**Problem to solve**
In the entries that follow, find the line containing "ขายKOMATSU PC160-8 เอกสารอินวอย" and the line containing "2025 BMW 7 Series 740i xDrive AWD", then copy exactly everything from the first through the second except the pictures.

**Material provided**
____
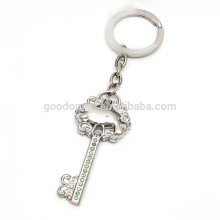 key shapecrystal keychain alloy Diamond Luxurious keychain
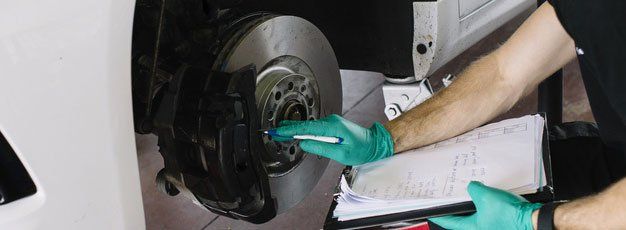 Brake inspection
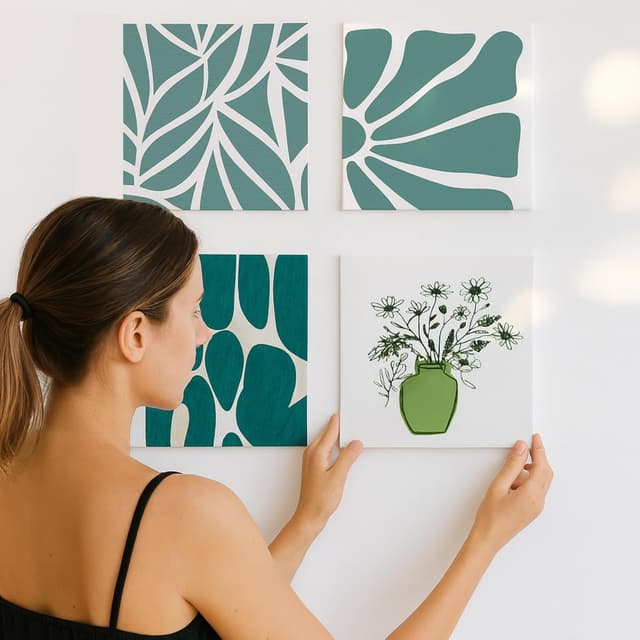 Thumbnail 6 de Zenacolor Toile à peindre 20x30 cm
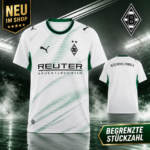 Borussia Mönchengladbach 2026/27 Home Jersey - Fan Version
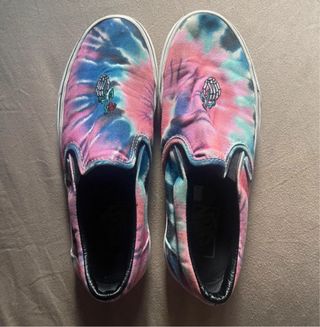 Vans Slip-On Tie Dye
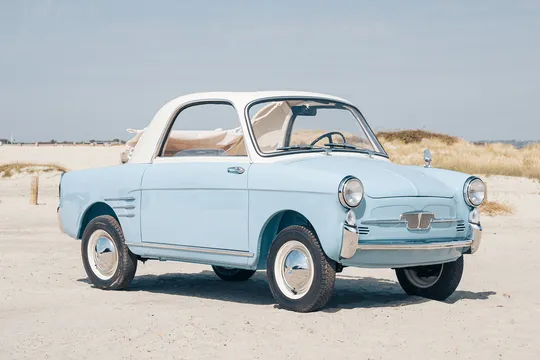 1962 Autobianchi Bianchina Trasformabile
____
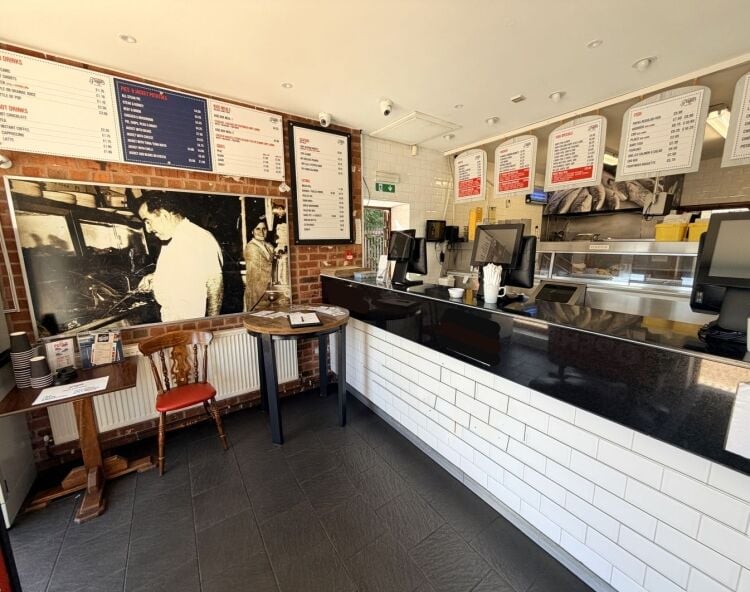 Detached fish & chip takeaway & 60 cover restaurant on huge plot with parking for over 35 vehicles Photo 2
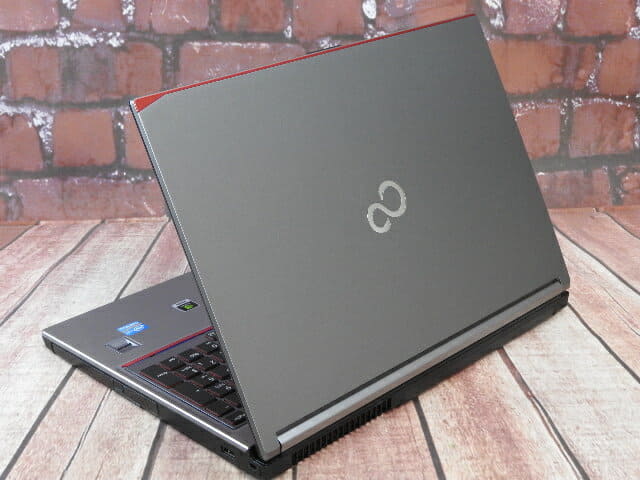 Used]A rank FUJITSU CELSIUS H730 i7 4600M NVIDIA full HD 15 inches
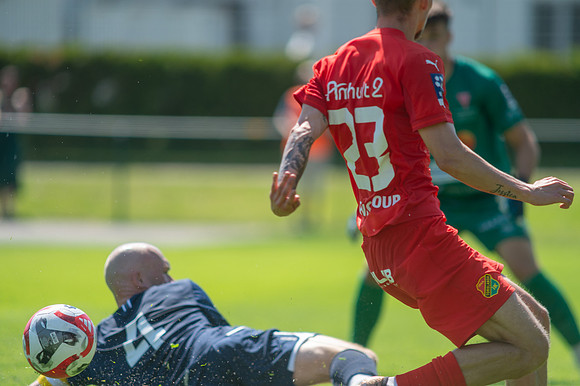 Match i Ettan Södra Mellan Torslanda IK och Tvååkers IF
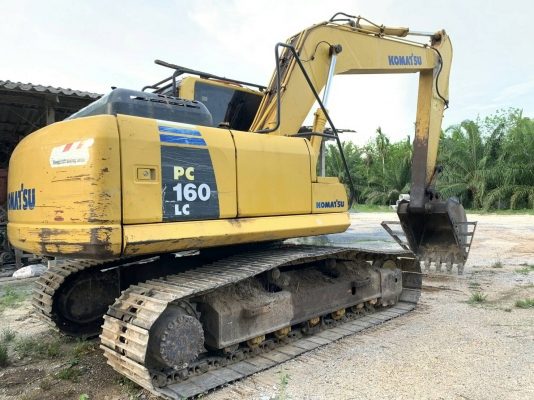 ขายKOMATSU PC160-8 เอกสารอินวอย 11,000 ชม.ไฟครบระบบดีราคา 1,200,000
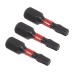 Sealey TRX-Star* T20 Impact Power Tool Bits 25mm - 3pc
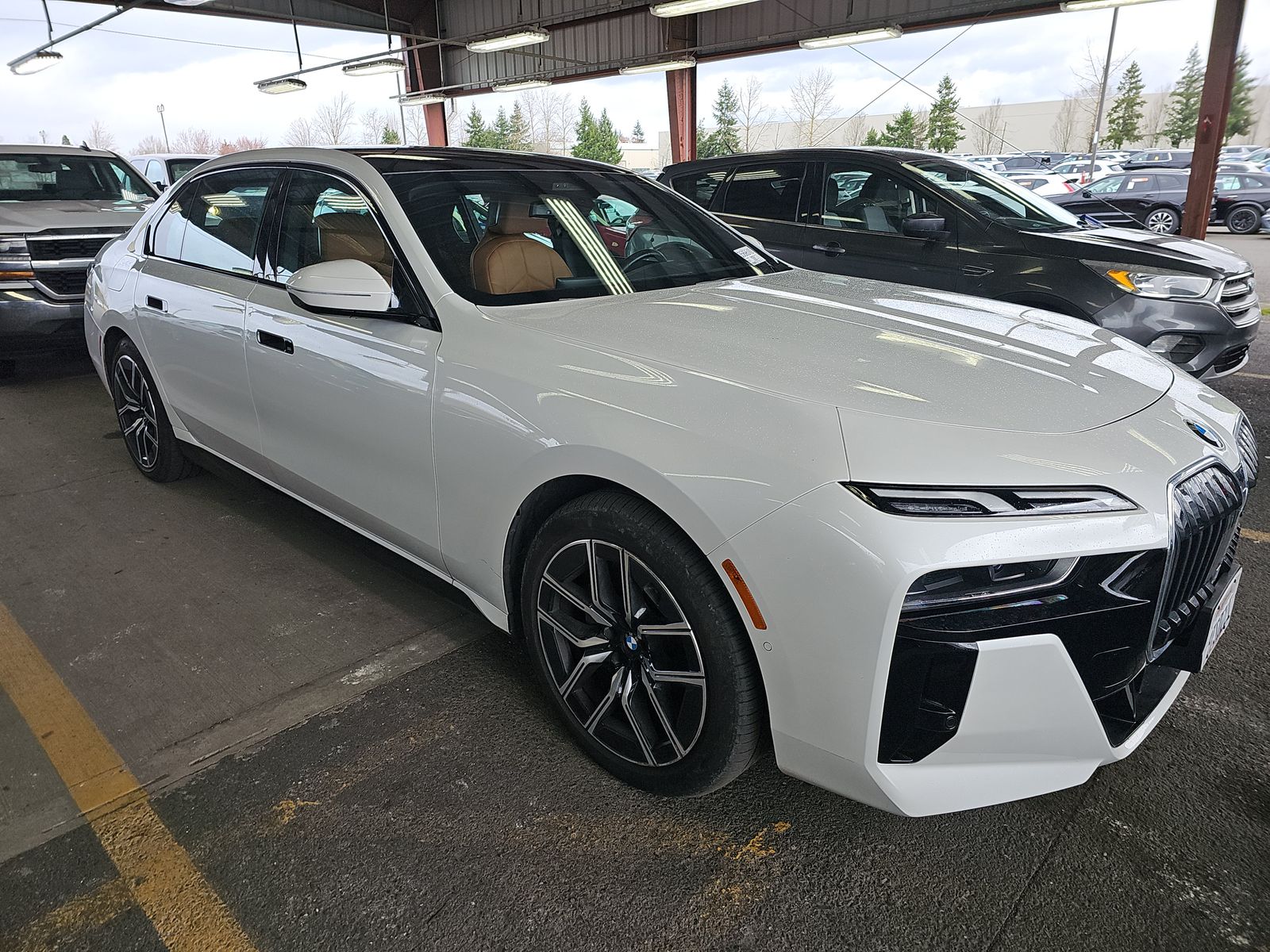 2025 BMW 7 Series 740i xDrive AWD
____
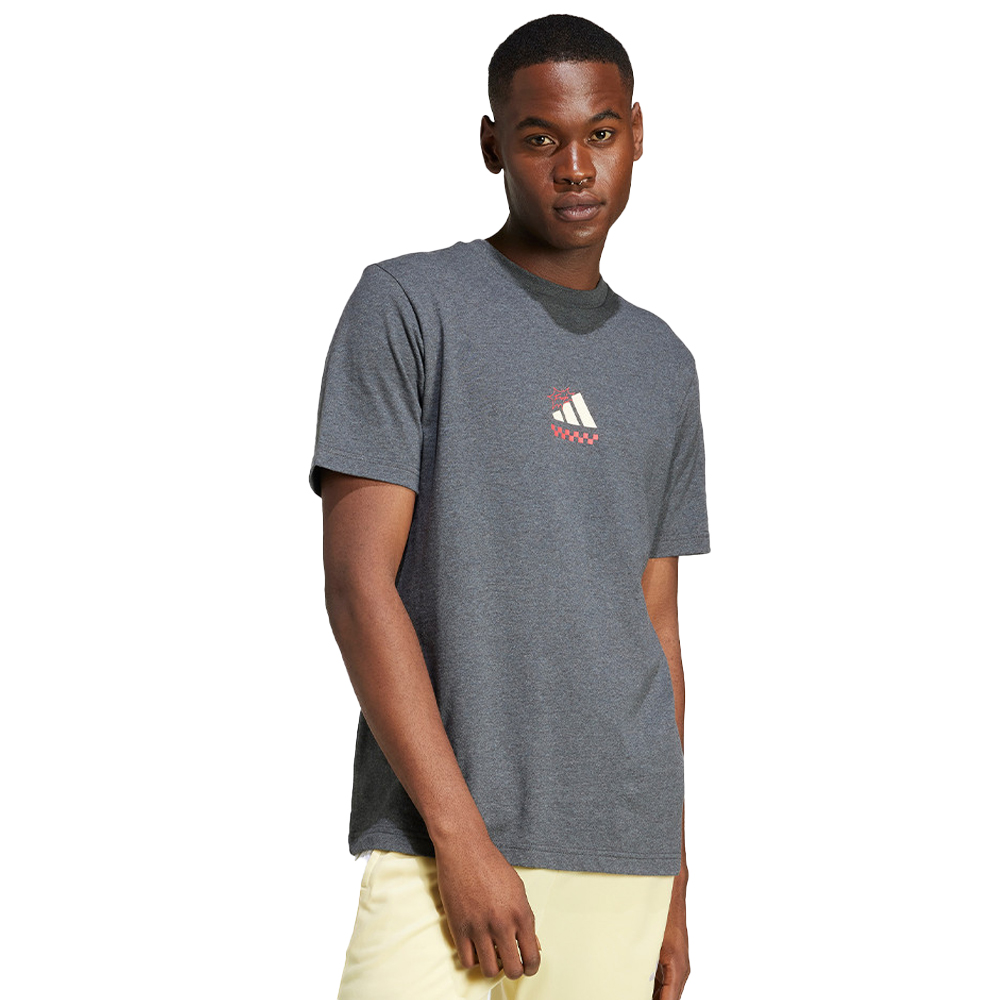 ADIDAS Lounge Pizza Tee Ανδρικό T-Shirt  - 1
____
**Written answer**
 ขายKOMATSU PC160-8 เอกสารอินวอย 11,000 ชม.ไฟครบระบบดีราคา 1,200,000
 Sealey TRX-Star* T20 Impact Power Tool Bits 25mm - 3pc
 2025 BMW 7 Series 740i xDrive AWD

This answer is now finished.